Start of Records for this task

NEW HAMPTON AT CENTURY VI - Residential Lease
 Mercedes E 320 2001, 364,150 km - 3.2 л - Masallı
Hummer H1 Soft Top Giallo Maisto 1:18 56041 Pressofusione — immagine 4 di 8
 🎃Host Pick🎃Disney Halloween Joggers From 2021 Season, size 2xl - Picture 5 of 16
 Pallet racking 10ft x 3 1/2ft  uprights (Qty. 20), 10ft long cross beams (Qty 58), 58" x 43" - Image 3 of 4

End of Records for this task
Start of Records for this task

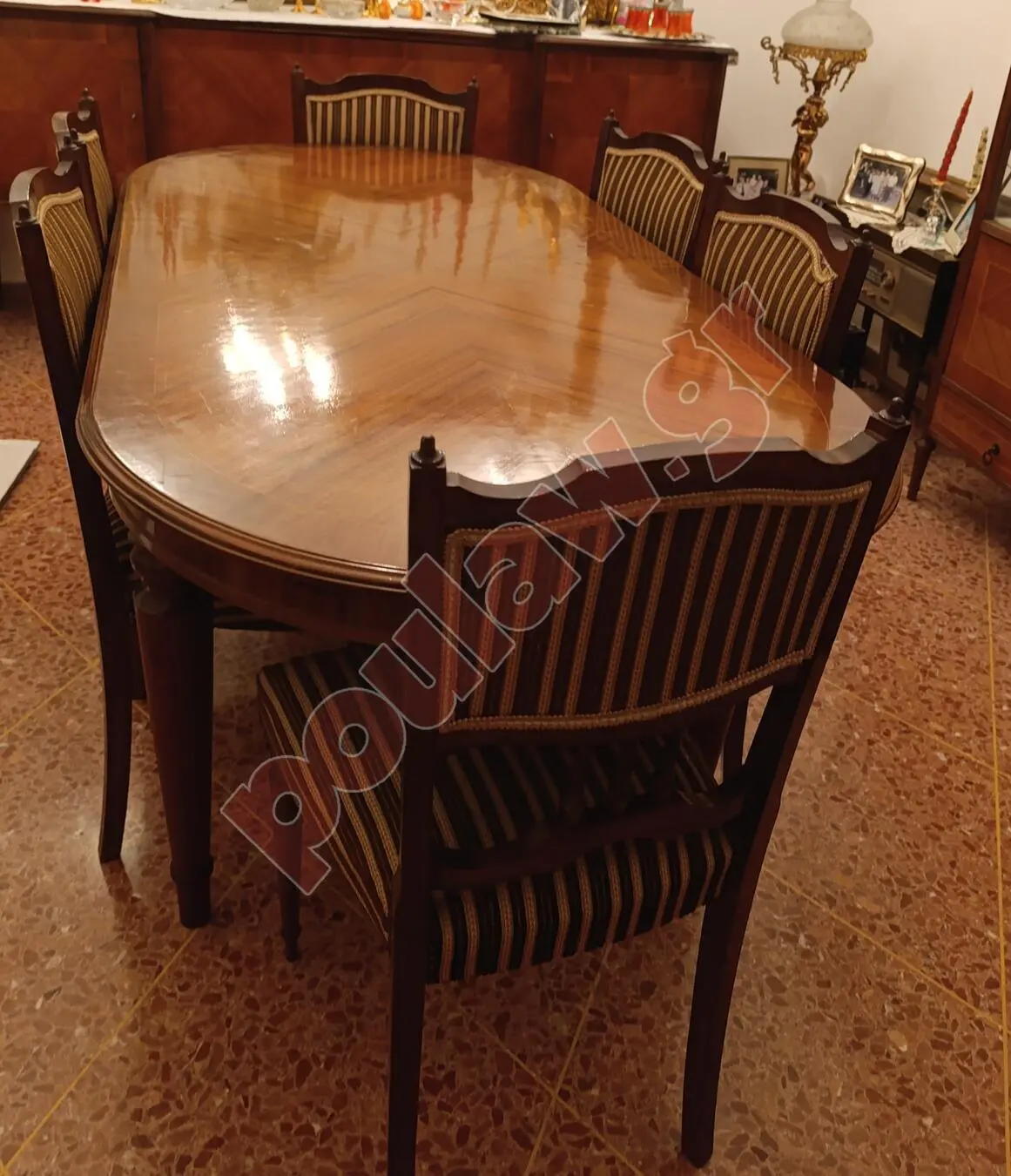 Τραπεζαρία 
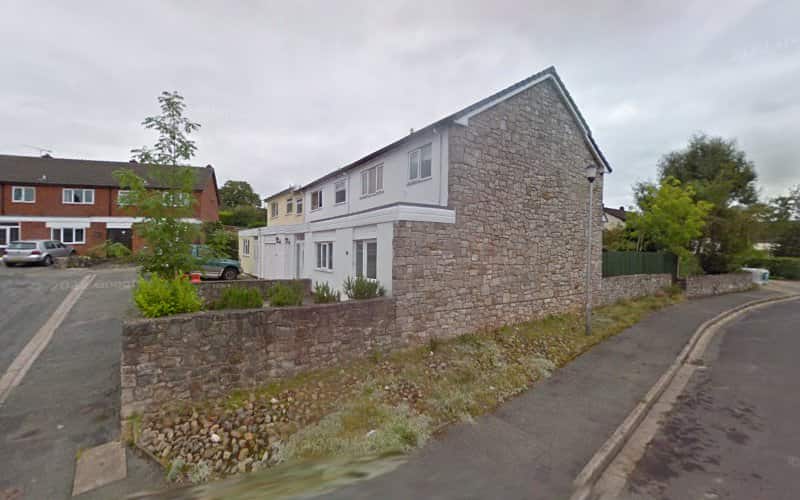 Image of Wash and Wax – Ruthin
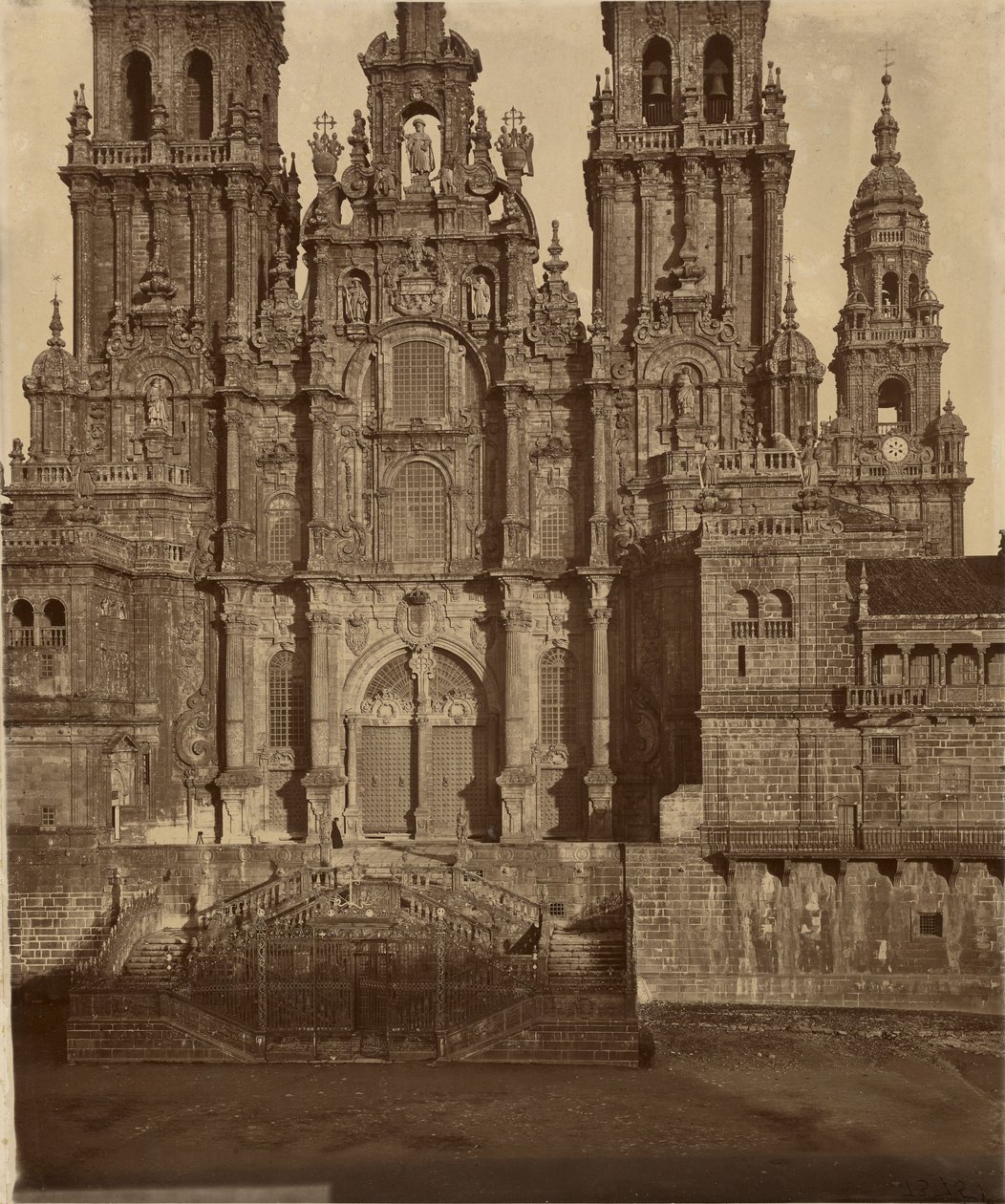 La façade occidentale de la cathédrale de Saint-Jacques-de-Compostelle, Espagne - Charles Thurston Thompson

End of Records for this task

• _What is required_:
Print exactly the lines above from the one with "NEW HAMPTON AT CENTURY VI - Residential Lease" to the one with "Pallet racking 10ft", including both.

• _Answer for the task_:
NEW HAMPTON AT CENTURY VI - Residential Lease
 Mercedes E 320 2001, 364,150 km - 3.2 л - Masallı
Hummer H1 Soft Top Giallo Maisto 1:18 56041 Pressofusione — immagine 4 di 8
 🎃Host Pick🎃Disney Halloween Joggers From 2021 Season, size 2xl - Picture 5 of 16
 Pallet racking 10ft x 3 1/2ft  uprights (Qty. 20), 10ft long cross beams (Qty 58), 58" x 43" - Image 3 of 4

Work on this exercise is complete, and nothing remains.